BEGIN

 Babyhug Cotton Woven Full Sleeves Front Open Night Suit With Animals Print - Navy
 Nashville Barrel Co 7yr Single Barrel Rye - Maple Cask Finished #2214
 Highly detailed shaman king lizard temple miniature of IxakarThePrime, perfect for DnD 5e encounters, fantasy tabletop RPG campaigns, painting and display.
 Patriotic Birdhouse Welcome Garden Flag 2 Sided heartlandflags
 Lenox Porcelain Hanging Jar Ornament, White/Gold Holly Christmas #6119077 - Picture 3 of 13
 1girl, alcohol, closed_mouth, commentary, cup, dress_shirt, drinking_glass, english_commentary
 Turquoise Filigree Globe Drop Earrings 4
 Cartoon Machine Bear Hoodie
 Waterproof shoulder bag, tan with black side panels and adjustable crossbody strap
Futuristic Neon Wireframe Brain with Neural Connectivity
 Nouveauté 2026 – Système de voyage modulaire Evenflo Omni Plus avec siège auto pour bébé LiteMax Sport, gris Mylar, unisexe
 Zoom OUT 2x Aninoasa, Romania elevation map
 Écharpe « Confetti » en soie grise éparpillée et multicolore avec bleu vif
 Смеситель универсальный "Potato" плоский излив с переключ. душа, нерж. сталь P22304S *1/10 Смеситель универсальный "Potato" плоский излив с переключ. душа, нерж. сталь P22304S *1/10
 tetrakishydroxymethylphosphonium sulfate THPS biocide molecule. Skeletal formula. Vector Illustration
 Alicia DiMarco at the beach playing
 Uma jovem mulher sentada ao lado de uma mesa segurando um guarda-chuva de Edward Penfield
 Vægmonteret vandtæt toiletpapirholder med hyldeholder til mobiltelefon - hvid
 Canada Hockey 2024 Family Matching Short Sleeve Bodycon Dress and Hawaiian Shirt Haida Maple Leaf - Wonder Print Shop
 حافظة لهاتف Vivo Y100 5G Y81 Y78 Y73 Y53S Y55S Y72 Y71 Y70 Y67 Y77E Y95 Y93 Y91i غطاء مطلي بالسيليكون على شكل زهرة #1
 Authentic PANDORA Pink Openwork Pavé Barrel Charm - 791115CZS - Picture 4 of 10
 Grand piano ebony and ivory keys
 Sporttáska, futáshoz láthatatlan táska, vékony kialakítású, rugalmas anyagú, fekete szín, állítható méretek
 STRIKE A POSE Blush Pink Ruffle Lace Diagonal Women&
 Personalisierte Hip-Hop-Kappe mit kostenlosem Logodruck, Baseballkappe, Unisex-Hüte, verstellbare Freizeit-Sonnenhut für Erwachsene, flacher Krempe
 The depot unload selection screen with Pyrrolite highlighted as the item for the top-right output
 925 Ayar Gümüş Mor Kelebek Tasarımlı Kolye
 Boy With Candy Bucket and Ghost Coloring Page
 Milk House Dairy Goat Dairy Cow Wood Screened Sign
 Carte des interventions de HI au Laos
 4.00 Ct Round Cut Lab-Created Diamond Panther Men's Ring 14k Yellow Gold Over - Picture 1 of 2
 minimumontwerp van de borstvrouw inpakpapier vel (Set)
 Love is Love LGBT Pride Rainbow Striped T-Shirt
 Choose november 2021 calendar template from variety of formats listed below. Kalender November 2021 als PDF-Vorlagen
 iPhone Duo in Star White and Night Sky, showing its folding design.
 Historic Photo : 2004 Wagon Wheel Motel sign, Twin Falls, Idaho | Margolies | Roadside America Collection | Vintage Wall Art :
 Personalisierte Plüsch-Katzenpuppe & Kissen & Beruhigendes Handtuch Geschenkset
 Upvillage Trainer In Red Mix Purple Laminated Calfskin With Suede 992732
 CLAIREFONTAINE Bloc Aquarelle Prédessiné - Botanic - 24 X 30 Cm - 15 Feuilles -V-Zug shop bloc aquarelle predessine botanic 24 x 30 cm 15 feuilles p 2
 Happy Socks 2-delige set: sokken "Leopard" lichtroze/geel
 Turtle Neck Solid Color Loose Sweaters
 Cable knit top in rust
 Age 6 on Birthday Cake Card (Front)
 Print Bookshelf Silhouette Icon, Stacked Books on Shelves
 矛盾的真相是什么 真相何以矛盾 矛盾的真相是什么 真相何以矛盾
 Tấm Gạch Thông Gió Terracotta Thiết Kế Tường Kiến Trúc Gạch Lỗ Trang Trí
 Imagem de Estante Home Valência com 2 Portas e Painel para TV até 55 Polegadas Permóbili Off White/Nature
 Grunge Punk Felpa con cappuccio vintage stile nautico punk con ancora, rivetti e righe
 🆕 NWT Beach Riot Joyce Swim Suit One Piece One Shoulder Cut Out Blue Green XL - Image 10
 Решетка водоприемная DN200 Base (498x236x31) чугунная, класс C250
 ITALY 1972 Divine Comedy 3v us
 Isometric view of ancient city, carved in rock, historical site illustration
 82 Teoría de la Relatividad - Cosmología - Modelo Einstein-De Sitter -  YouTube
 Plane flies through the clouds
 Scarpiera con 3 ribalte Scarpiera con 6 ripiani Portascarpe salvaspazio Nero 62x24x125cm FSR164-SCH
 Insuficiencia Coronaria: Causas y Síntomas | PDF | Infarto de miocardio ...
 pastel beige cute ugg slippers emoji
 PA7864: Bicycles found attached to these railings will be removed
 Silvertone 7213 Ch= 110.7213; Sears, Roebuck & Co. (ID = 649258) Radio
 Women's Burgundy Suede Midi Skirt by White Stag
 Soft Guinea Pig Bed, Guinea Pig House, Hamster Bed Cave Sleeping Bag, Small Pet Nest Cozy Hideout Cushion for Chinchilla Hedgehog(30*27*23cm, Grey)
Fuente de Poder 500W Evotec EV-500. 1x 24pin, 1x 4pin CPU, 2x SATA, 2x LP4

END

- **ACTIVITY**:
From the records above, print only the lines between the one holding "iPhone Duo in" and the one holding "Cable knit top in rust", inclusive, exactly as they stand.

- **EXERCISE OUTPUT**:
 iPhone Duo in Star White and Night Sky, showing its folding design.
 Historic Photo : 2004 Wagon Wheel Motel sign, Twin Falls, Idaho | Margolies | Roadside America Collection | Vintage Wall Art :
 Personalisierte Plüsch-Katzenpuppe & Kissen & Beruhigendes Handtuch Geschenkset
 Upvillage Trainer In Red Mix Purple Laminated Calfskin With Suede 992732
 CLAIREFONTAINE Bloc Aquarelle Prédessiné - Botanic - 24 X 30 Cm - 15 Feuilles -V-Zug shop bloc aquarelle predessine botanic 24 x 30 cm 15 feuilles p 2
 Happy Socks 2-delige set: sokken "Leopard" lichtroze/geel
 Turtle Neck Solid Color Loose Sweaters
 Cable knit top in rust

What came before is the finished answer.